** TASK INPUT **

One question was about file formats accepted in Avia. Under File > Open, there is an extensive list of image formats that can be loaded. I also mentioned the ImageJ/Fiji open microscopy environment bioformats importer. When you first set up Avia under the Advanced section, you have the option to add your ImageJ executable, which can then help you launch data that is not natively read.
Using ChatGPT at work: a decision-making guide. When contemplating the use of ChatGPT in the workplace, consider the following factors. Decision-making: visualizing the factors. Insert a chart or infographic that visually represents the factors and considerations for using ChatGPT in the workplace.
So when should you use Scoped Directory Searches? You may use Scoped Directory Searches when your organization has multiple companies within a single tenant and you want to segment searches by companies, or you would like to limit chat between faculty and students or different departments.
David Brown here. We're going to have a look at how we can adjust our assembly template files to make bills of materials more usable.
==
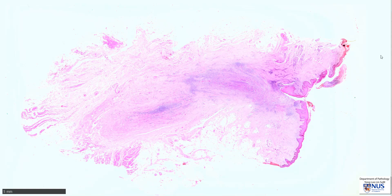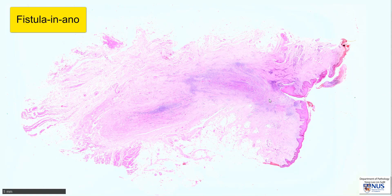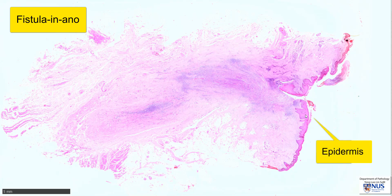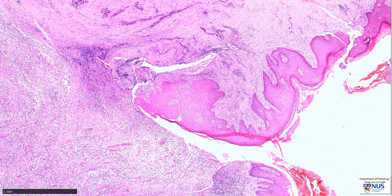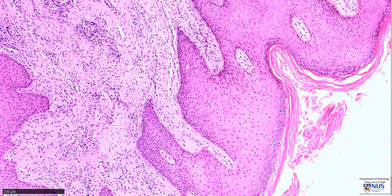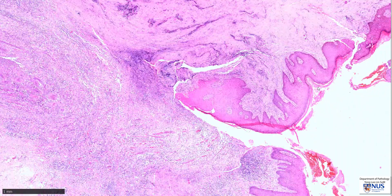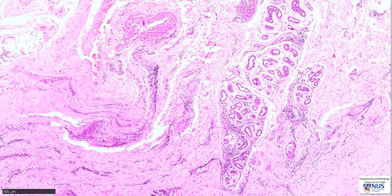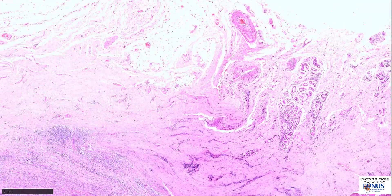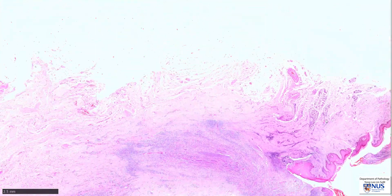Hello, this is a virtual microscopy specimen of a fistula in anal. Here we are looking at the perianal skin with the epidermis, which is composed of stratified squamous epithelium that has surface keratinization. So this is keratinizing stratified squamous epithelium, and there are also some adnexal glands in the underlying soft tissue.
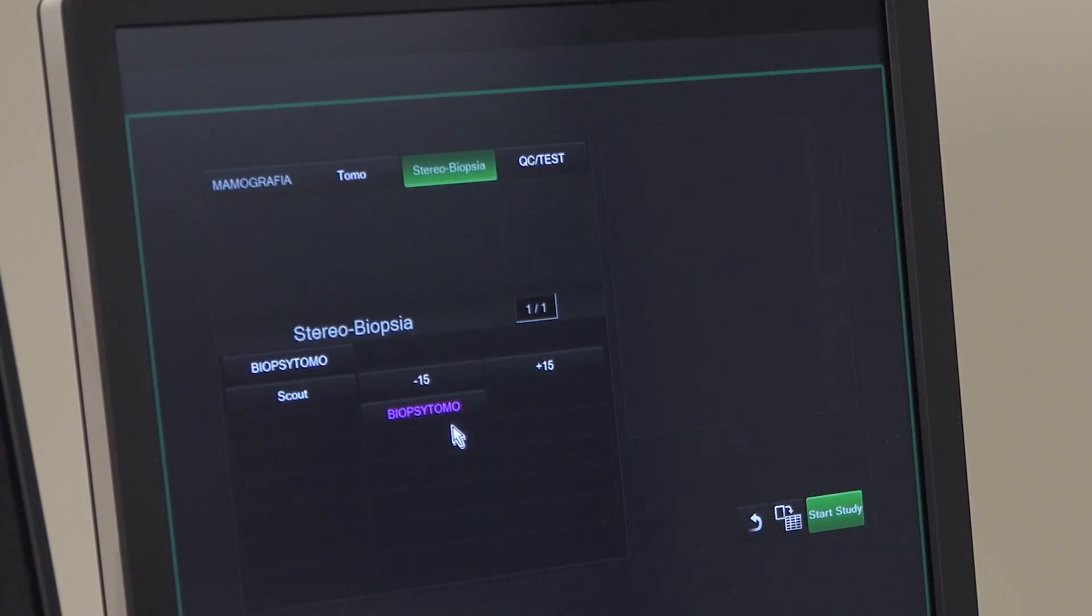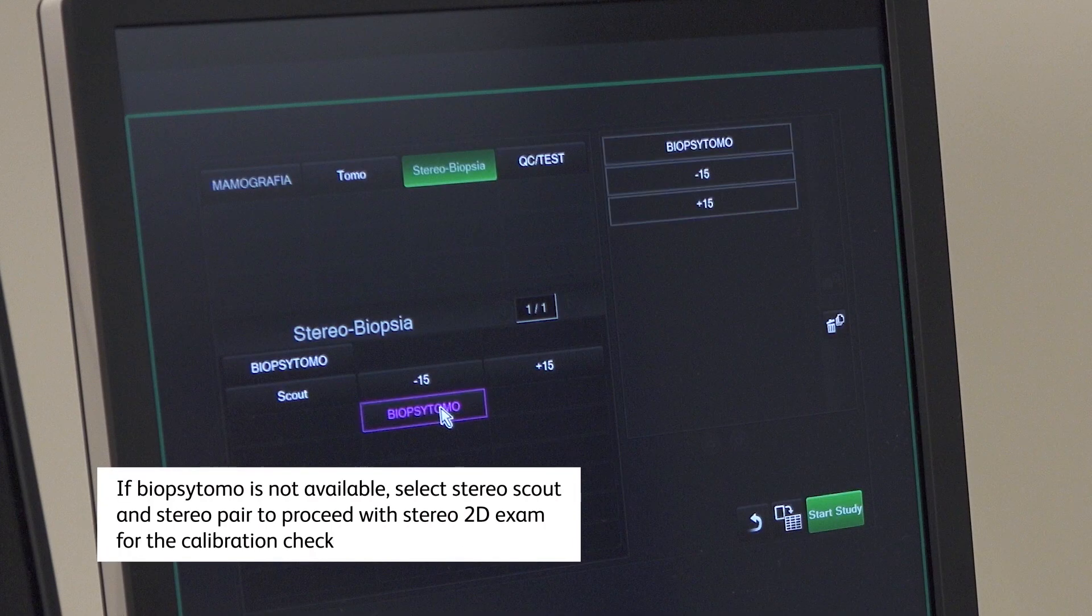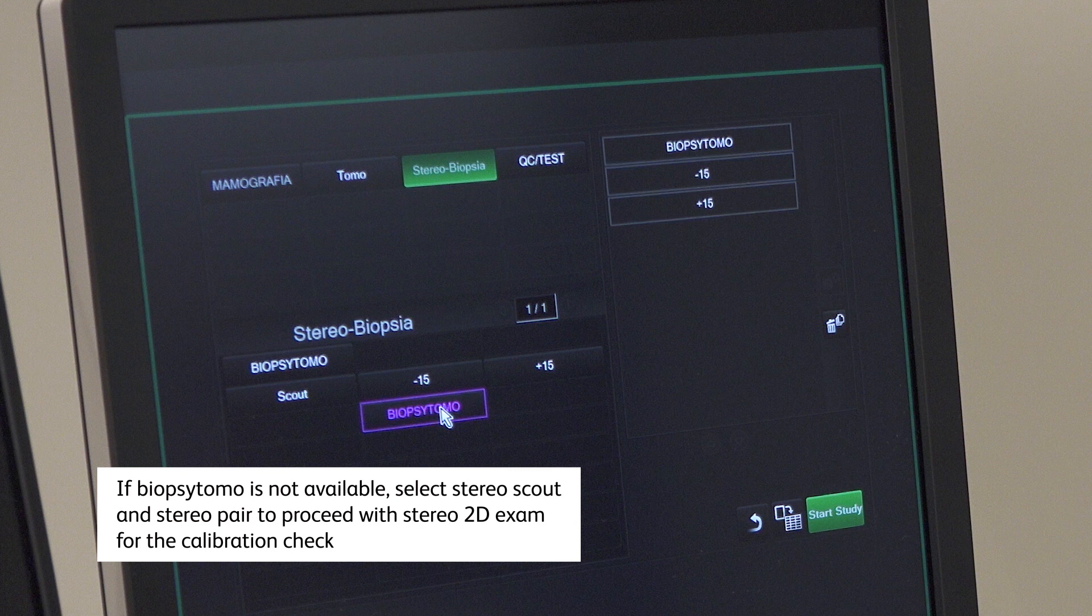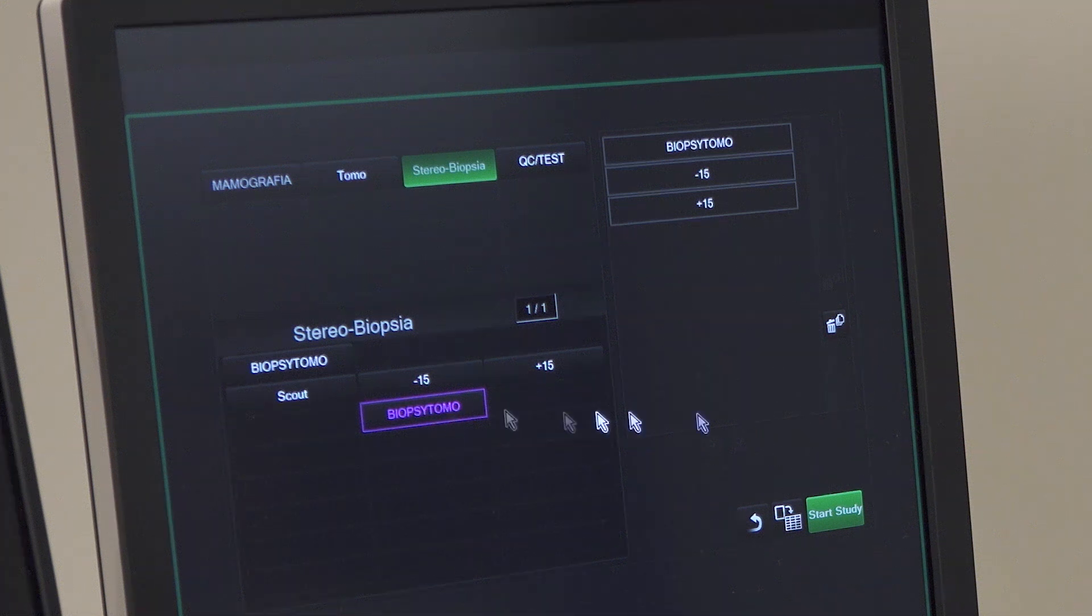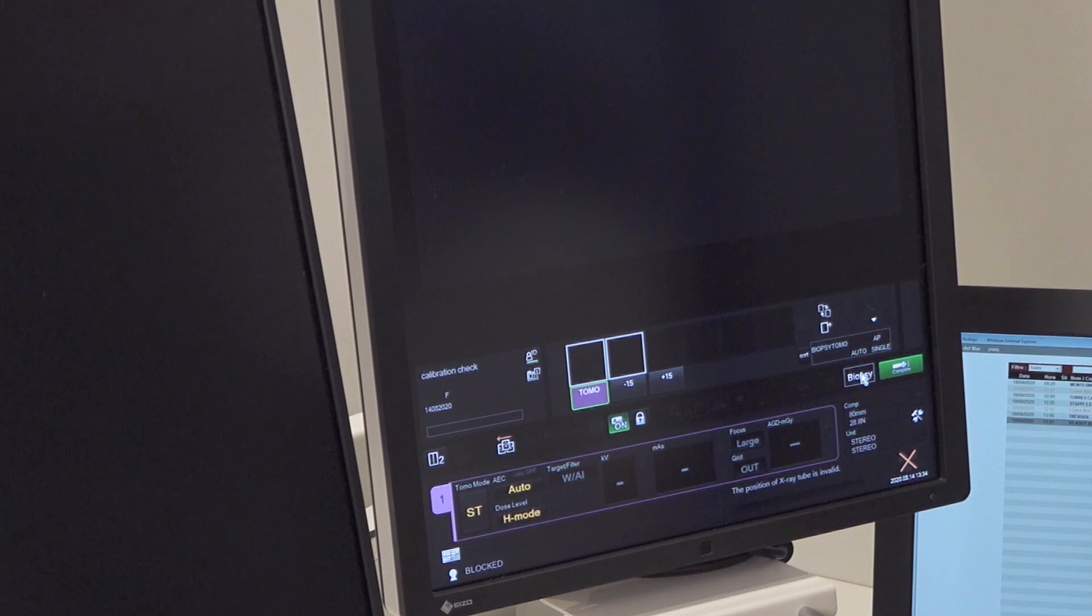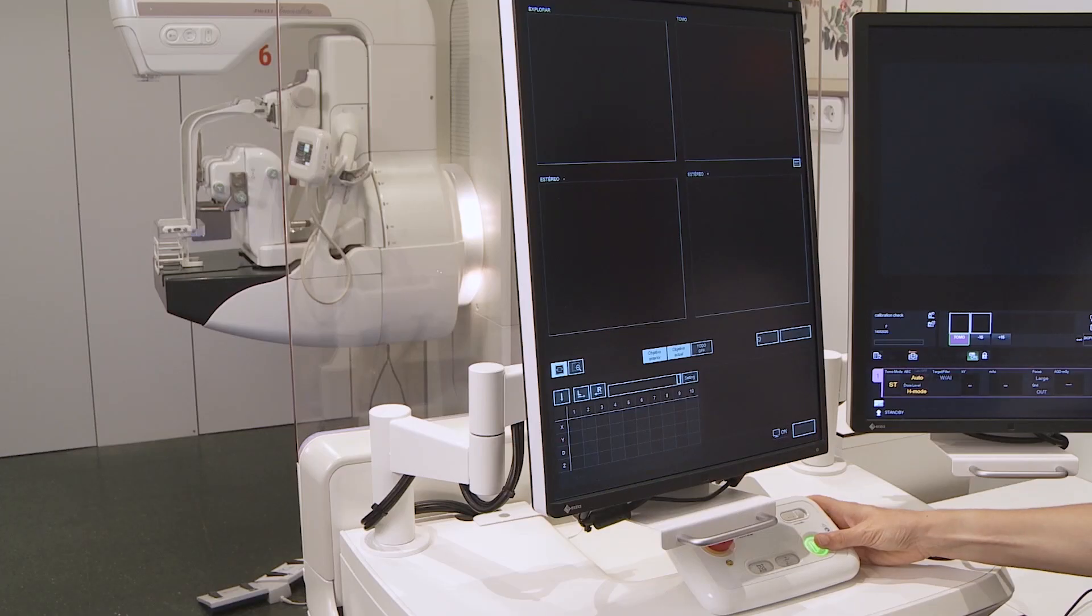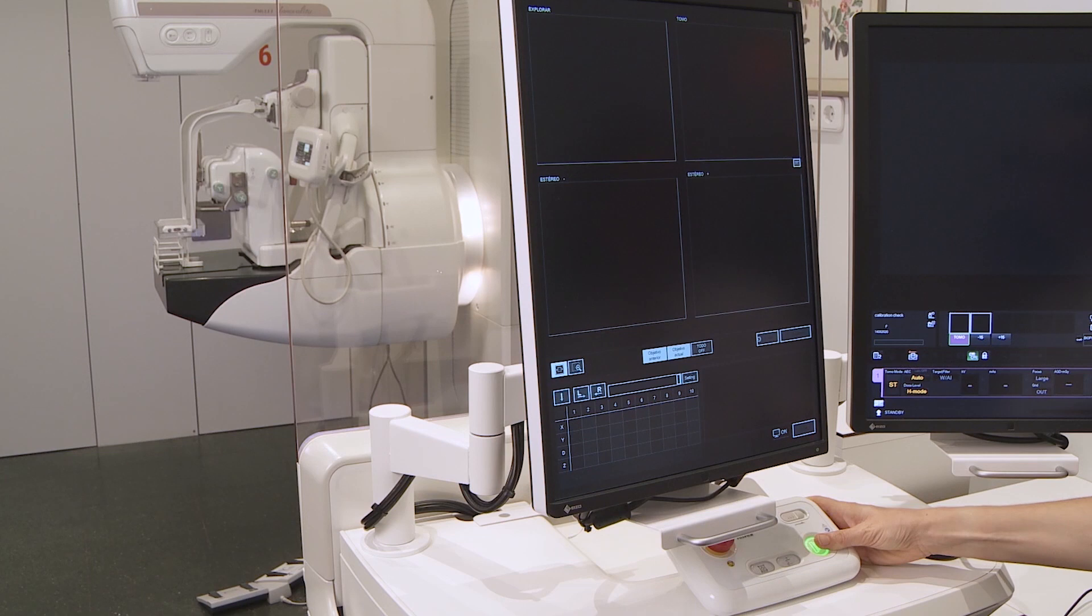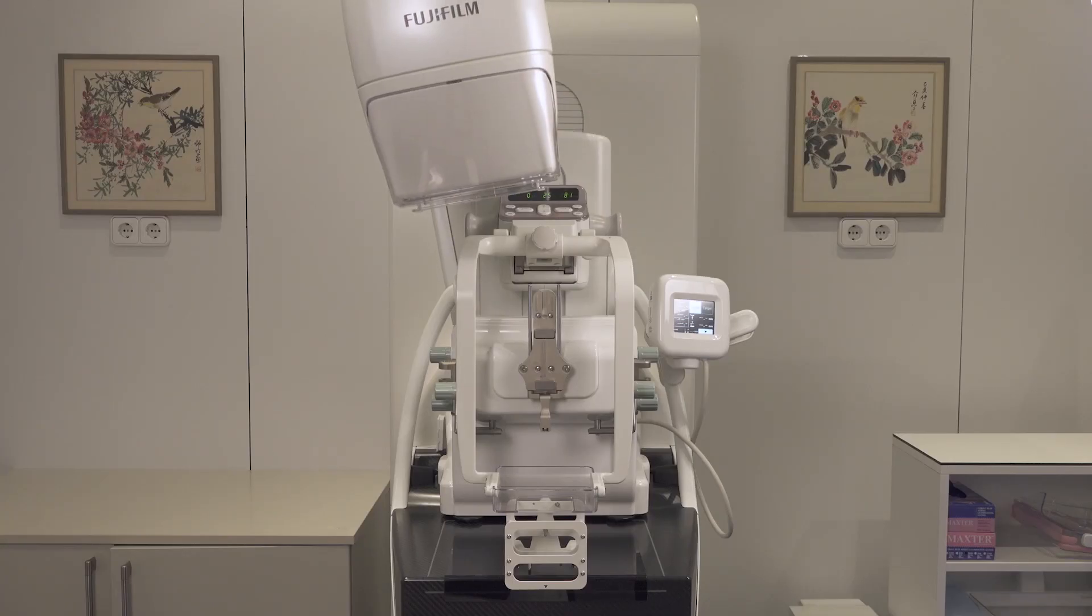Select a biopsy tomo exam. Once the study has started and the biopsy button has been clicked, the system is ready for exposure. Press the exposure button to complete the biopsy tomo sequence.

** WORK TASK **
Your answer should be the lines above from the one containing "Using ChatGPT at" through the one containing "David Brown here.", copied exactly and with both ends kept.

** FINISHED EXERCISE **
Using ChatGPT at work: a decision-making guide. When contemplating the use of ChatGPT in the workplace, consider the following factors. Decision-making: visualizing the factors. Insert a chart or infographic that visually represents the factors and considerations for using ChatGPT in the workplace.
So when should you use Scoped Directory Searches? You may use Scoped Directory Searches when your organization has multiple companies within a single tenant and you want to segment searches by companies, or you would like to limit chat between faculty and students or different departments.
David Brown here. We're going to have a look at how we can adjust our assembly template files to make bills of materials more usable.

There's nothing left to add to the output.